Interrogé par l’AFP, Manuel Bompard, coordinateur national de LFI, a assuré qu’« il n’y a strictement aucune attaque ou mise en cause personnelle dans cette campagne ». Selon lui, « Il s’agit seulement de sensibiliser les Français à l’inscription sur les listes électorales. Madame Ernotte ferait mieux d’utiliser les moyens du service public pour faire une campagne d’information à ce sujet plutôt que de s’en prendre à la France insoumise », a-t-il contre-attaqué, alors que cette campagne a provoqué de nombreuses réactions indignées dans le monde politique.

« Ces messages de la France insoumise contre des journalistes sont insupportables. Monsieur Mélenchon et ses amis détestent la liberté. Ils sont un danger pour la France ! », a tweeté Éric Ciotti, président de LR, en citant les affiches présentant Nathalie Saint-Cricq et Pascal Praud, présentateur vedette de la chaîne CNews.

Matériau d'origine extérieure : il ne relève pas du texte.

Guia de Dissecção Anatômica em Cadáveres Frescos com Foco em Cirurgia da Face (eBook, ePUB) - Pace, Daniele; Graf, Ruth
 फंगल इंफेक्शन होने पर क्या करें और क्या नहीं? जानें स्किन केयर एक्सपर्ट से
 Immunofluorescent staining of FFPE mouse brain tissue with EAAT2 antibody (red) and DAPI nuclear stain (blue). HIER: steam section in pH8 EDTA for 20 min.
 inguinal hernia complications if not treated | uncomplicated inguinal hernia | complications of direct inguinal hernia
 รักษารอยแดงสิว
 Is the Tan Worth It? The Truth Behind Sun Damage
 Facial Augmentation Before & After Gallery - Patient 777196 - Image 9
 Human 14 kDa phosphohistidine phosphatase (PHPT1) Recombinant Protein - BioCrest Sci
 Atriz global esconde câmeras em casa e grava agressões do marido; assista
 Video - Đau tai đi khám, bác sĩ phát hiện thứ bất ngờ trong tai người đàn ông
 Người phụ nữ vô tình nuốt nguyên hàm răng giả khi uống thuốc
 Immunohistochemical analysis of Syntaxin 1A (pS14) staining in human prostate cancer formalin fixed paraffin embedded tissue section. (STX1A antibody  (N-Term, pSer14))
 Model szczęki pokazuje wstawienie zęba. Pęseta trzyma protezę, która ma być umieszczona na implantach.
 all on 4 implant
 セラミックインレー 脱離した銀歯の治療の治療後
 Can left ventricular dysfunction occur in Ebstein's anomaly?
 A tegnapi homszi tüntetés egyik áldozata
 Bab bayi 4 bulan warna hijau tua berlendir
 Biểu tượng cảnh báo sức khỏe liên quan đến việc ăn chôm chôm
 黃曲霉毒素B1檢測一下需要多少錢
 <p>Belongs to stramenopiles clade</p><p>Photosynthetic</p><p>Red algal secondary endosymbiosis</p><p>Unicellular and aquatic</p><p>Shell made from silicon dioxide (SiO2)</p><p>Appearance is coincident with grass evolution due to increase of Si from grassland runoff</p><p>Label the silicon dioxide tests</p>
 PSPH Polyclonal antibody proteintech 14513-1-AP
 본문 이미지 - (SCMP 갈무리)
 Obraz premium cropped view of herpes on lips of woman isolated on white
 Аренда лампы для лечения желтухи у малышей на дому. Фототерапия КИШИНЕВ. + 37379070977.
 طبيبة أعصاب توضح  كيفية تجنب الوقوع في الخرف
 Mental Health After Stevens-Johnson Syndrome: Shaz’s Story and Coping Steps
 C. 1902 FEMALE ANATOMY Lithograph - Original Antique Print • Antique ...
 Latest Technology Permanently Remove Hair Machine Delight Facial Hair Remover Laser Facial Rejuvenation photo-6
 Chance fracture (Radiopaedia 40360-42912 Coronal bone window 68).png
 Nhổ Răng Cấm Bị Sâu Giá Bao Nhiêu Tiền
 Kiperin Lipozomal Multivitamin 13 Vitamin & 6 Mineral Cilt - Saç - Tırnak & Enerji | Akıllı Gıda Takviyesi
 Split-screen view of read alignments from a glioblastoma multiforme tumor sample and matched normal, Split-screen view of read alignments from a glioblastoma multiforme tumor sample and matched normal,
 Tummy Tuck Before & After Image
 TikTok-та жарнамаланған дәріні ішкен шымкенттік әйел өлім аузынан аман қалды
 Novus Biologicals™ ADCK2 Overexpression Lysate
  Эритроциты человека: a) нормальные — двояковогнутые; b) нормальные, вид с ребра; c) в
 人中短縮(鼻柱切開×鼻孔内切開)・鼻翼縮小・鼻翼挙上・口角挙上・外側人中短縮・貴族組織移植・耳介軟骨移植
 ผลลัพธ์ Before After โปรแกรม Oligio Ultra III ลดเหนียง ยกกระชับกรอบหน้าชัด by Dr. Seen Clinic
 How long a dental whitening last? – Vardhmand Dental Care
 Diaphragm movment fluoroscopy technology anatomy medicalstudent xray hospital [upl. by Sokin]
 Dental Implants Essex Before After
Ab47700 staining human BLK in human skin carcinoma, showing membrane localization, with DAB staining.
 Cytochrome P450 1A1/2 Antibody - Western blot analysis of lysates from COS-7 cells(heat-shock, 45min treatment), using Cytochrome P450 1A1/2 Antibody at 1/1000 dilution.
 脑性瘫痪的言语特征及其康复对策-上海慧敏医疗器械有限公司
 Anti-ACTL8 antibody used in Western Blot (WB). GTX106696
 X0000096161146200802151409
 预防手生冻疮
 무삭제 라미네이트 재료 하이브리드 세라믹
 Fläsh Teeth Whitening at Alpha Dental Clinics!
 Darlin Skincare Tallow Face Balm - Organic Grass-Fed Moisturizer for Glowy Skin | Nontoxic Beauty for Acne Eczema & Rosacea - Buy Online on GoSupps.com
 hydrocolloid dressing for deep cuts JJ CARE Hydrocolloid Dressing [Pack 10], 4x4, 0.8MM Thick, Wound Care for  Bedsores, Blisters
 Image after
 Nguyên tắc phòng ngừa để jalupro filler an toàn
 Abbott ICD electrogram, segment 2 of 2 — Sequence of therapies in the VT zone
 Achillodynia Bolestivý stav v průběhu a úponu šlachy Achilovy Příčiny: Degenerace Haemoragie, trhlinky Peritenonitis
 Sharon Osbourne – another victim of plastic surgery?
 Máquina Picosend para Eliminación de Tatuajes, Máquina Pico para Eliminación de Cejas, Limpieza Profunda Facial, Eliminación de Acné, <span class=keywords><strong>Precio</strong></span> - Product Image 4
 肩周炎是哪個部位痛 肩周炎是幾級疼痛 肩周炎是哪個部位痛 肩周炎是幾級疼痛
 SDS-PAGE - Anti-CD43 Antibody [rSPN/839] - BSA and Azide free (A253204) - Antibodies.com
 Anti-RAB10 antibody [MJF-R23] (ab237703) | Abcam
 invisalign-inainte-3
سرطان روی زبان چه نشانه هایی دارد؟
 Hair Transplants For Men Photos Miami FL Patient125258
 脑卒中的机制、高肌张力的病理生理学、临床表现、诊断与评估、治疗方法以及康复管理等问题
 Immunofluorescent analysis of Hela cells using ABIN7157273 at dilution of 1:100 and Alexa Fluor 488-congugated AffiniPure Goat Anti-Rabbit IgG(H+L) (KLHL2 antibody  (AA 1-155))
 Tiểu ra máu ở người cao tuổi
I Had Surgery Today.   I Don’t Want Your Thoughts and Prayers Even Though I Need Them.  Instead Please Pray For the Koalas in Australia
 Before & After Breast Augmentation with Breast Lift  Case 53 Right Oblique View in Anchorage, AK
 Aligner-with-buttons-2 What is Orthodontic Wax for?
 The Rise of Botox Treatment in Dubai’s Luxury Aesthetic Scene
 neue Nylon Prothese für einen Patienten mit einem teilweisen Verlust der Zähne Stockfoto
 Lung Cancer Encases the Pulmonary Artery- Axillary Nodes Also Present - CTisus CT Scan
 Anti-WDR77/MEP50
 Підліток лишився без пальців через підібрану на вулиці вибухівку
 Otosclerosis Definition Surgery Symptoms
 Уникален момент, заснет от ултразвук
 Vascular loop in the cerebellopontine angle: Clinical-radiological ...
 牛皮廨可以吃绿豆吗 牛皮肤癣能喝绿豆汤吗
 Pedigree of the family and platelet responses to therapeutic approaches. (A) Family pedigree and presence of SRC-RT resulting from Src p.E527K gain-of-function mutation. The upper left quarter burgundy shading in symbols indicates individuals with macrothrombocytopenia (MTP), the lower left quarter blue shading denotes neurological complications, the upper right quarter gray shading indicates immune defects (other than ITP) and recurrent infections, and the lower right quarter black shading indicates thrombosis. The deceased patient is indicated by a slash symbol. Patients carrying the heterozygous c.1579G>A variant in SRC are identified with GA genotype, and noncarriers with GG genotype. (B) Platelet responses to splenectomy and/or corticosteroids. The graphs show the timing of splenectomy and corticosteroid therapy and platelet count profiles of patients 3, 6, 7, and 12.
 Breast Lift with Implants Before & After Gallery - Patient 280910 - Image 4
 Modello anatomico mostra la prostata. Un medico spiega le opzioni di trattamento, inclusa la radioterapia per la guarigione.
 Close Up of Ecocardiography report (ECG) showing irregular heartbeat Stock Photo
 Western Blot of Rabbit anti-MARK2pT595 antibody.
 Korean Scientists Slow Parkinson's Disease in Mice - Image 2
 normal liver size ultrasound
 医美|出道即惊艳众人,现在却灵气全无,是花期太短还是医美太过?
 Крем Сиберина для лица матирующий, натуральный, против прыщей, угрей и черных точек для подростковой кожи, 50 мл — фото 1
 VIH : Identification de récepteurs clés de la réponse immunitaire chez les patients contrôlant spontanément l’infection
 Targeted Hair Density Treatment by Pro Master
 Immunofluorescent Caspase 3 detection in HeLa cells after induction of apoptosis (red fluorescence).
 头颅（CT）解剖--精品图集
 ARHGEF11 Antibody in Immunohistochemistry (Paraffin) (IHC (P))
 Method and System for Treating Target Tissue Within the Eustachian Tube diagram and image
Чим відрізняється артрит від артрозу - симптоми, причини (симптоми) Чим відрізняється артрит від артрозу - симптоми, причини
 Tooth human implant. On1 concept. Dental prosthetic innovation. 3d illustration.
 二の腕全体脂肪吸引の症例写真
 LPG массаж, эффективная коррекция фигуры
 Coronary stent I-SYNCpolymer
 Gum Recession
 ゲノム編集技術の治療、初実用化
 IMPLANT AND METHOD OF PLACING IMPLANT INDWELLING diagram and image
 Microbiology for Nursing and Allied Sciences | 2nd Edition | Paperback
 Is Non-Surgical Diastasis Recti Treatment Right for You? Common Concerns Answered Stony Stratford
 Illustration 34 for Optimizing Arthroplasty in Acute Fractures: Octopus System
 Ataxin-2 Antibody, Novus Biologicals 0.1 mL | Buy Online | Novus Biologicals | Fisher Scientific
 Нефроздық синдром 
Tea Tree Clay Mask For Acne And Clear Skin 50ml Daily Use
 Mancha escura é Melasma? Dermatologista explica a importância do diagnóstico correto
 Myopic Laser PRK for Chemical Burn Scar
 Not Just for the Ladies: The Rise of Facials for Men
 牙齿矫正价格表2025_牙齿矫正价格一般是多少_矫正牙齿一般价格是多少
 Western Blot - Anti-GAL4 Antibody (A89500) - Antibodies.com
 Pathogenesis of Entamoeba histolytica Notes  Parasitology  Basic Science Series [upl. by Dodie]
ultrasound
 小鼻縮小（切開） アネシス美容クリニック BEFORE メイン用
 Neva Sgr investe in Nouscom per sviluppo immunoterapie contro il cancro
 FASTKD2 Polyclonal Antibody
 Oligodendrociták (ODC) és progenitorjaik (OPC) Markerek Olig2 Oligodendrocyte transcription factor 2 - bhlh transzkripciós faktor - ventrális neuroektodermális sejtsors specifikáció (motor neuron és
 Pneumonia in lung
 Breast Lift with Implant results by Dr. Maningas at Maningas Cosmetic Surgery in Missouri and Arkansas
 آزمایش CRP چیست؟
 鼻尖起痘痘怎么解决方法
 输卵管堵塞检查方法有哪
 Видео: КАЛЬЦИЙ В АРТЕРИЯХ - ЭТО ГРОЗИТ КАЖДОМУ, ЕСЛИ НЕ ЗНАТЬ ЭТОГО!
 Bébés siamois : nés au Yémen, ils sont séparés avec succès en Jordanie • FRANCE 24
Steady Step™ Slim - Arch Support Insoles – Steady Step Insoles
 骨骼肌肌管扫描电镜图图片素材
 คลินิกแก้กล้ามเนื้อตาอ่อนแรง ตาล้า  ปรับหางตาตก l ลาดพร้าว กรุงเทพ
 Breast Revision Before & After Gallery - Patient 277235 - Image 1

Éric Ciotti a lui-même été ciblé ensuite par LFI pour qu’il n’y ait « pas de jaloux », selon un tweet du mouvement : « Éric Ciotti vote. Et vous ? ».

« Les riches », « les racistes » et encore « les golfeurs » ont également été épinglés, pour cette campagne d’incitation à s’inscrire sur les listes électorales. « Lorsqu’un parti politique cible et incite au harcèlement d’une journaliste, c’est la liberté de la presse et son rôle de garant du jeu démocratique qui sont attaqués », a déploré de son côté l’humoriste Sophia Aram.

De son côté, la Société des journalistes de la rédaction nationale de France Télévisions a apporté son soutien l’éditorialiste politique du service public. « Sous couvert d’une question anodine en apparence (...) il s’agit d’une attaque personnelle et d’une utilisation inacceptable de son image », peut-on lire dans le communiqué de la SDJ.